| EXERCISE REQUIREMENTS |
Going through the material below, output exactly the lines from the one containing "Topshop crochet peplum" through the one containing "516 Smithridge Way, Fuquay", and no pictures.

START RECORDS FOR THE TASK

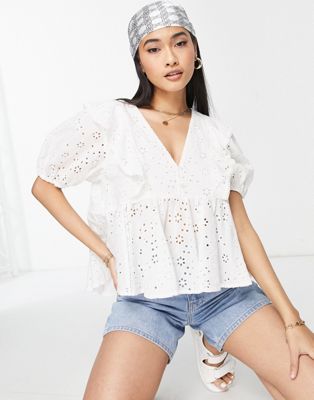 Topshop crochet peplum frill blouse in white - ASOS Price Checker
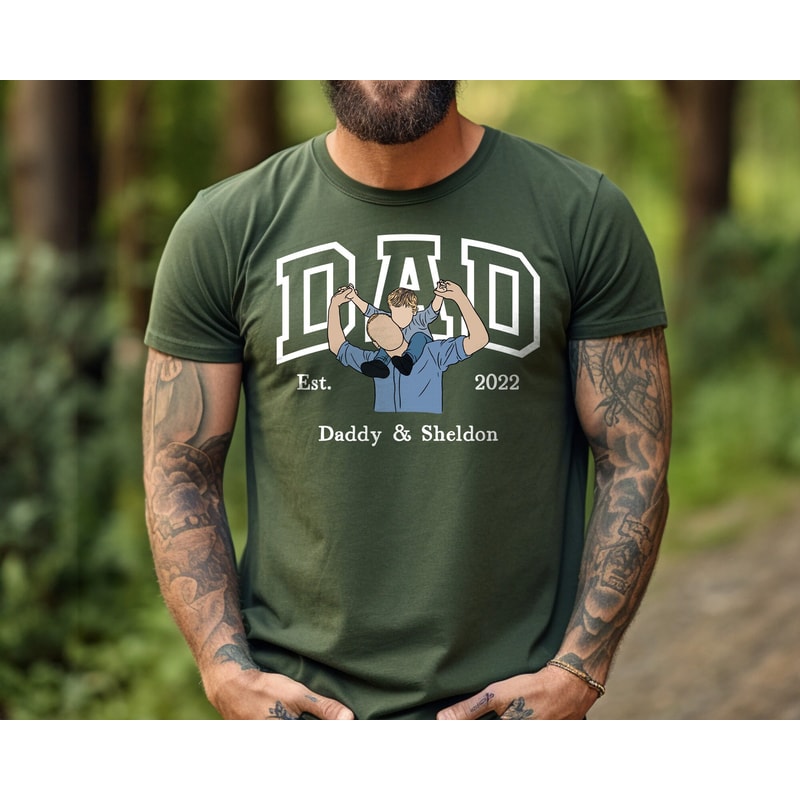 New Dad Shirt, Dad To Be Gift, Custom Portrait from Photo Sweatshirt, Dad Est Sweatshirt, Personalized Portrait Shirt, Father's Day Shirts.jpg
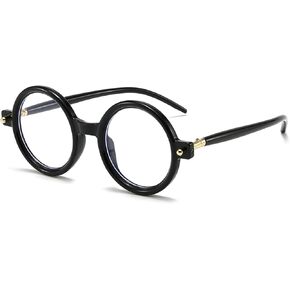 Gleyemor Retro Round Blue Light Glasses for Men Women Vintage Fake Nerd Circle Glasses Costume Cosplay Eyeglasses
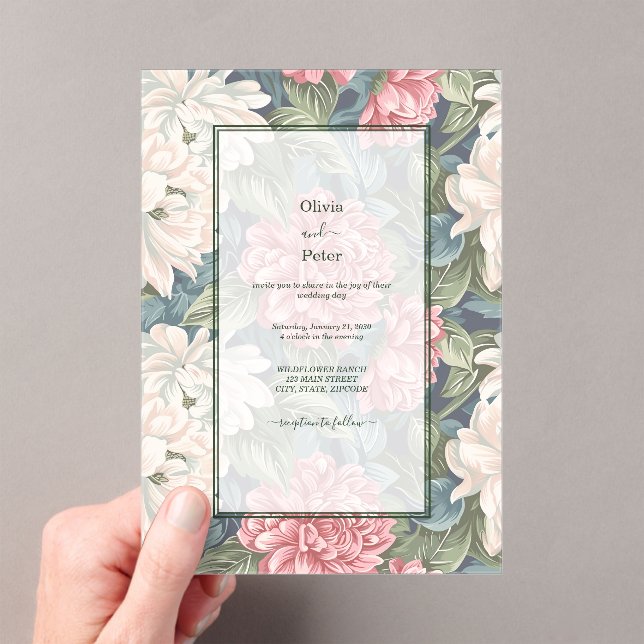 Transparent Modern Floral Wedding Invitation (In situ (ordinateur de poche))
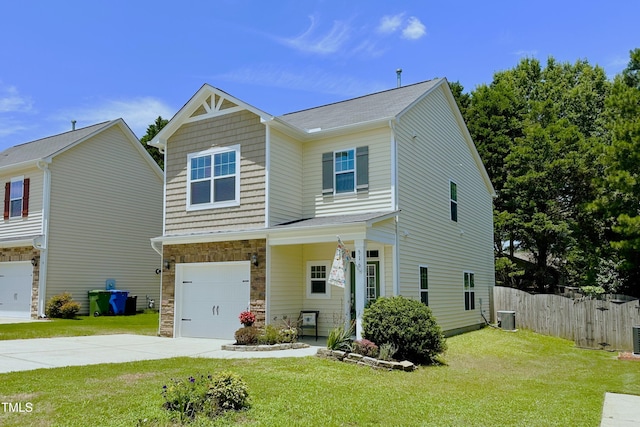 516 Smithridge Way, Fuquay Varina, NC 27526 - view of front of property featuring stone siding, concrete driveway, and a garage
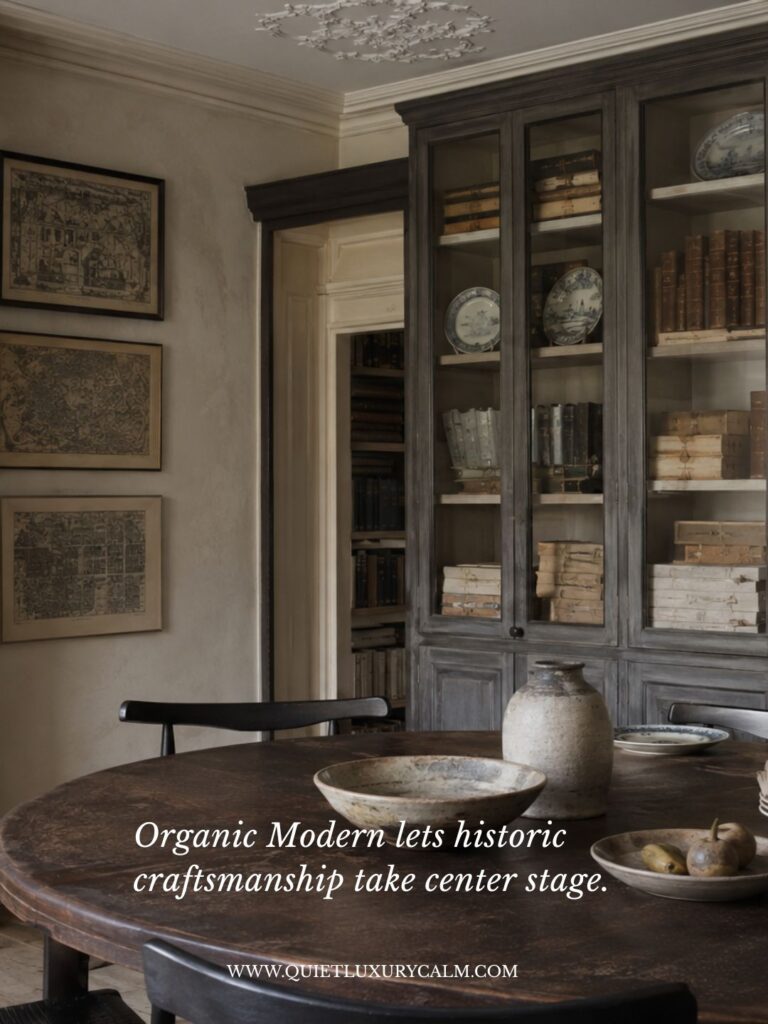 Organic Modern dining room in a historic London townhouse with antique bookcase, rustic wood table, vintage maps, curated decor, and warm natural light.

END RECORDS FOR THE TASK
START RECORDS FOR THE TASK

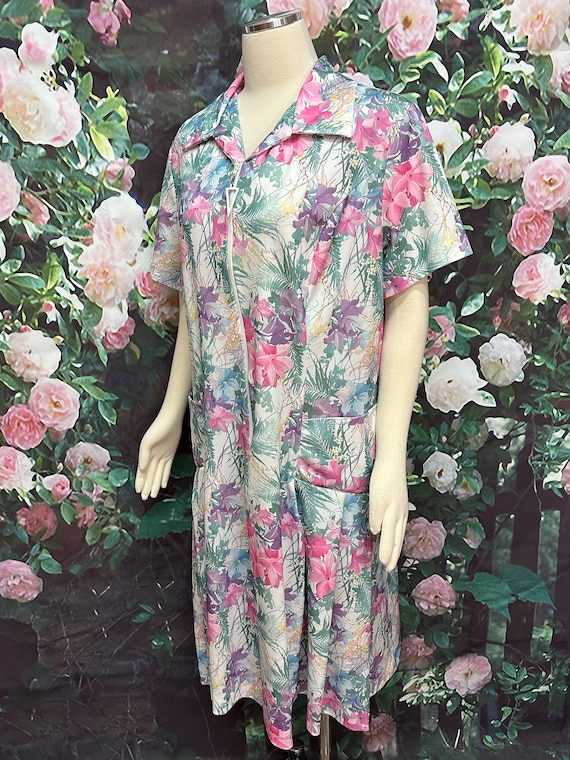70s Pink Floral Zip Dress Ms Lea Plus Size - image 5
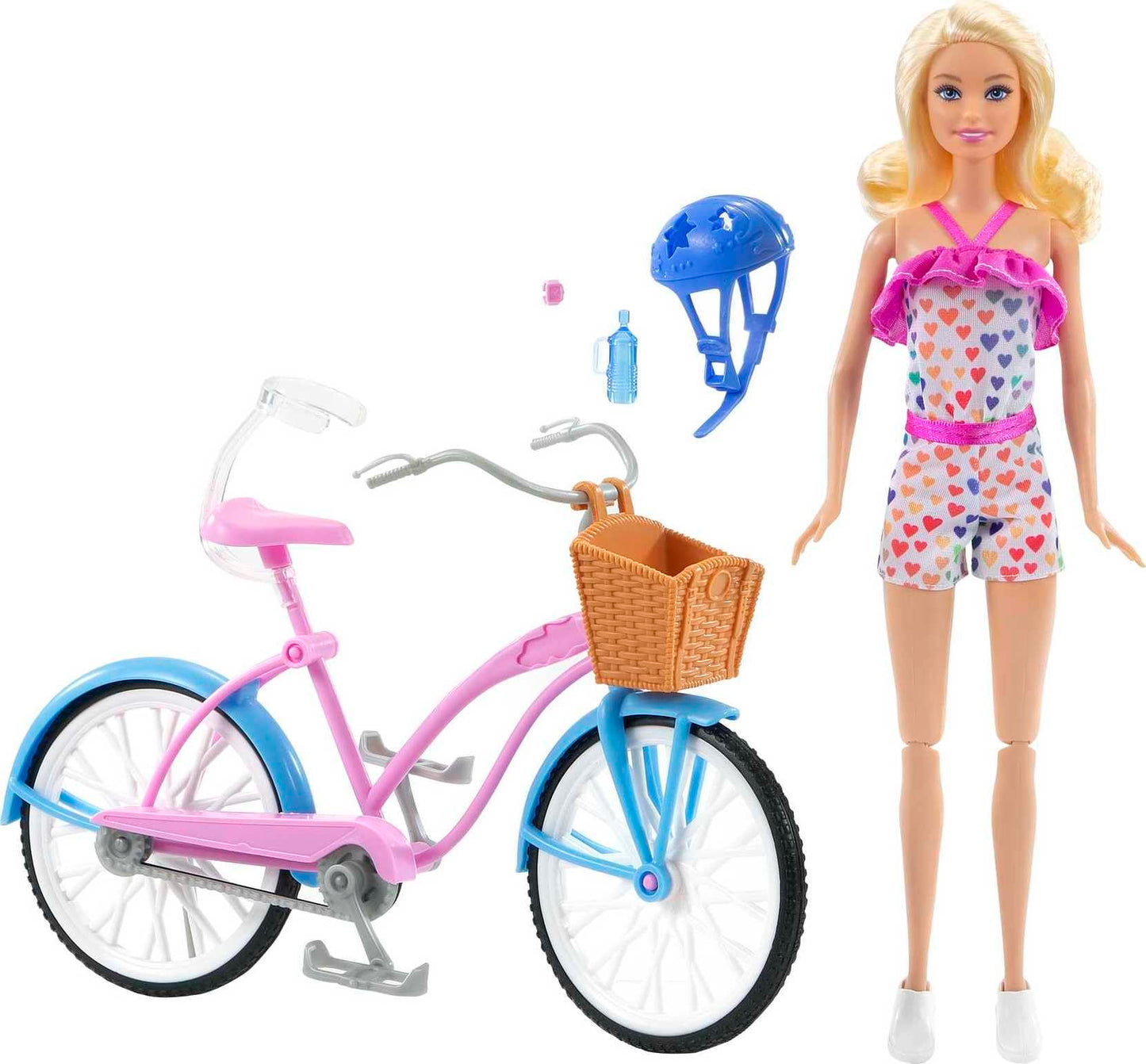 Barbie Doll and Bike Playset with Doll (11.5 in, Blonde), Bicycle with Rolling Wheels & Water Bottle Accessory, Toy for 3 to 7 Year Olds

END RECORDS FOR THE TASK
START RECORDS FOR THE TASK

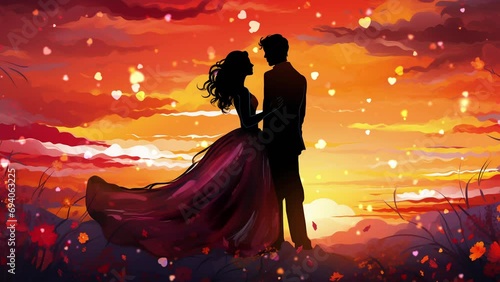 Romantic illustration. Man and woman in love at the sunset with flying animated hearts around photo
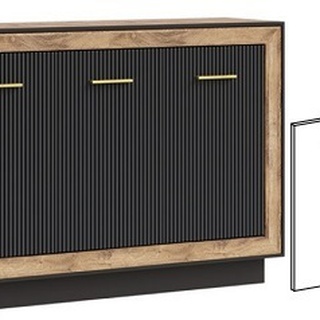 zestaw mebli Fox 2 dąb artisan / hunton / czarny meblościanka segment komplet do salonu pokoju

END RECORDS FOR THE TASK

| RESPONSE FOR THIS EXERCISE |
 Topshop crochet peplum frill blouse in white - ASOS Price Checker
 New Dad Shirt, Dad To Be Gift, Custom Portrait from Photo Sweatshirt, Dad Est Sweatshirt, Personalized Portrait Shirt, Father's Day Shirts.jpg
 Gleyemor Retro Round Blue Light Glasses for Men Women Vintage Fake Nerd Circle Glasses Costume Cosplay Eyeglasses
 Transparent Modern Floral Wedding Invitation (In situ (ordinateur de poche))
 516 Smithridge Way, Fuquay Varina, NC 27526 - view of front of property featuring stone siding, concrete driveway, and a garage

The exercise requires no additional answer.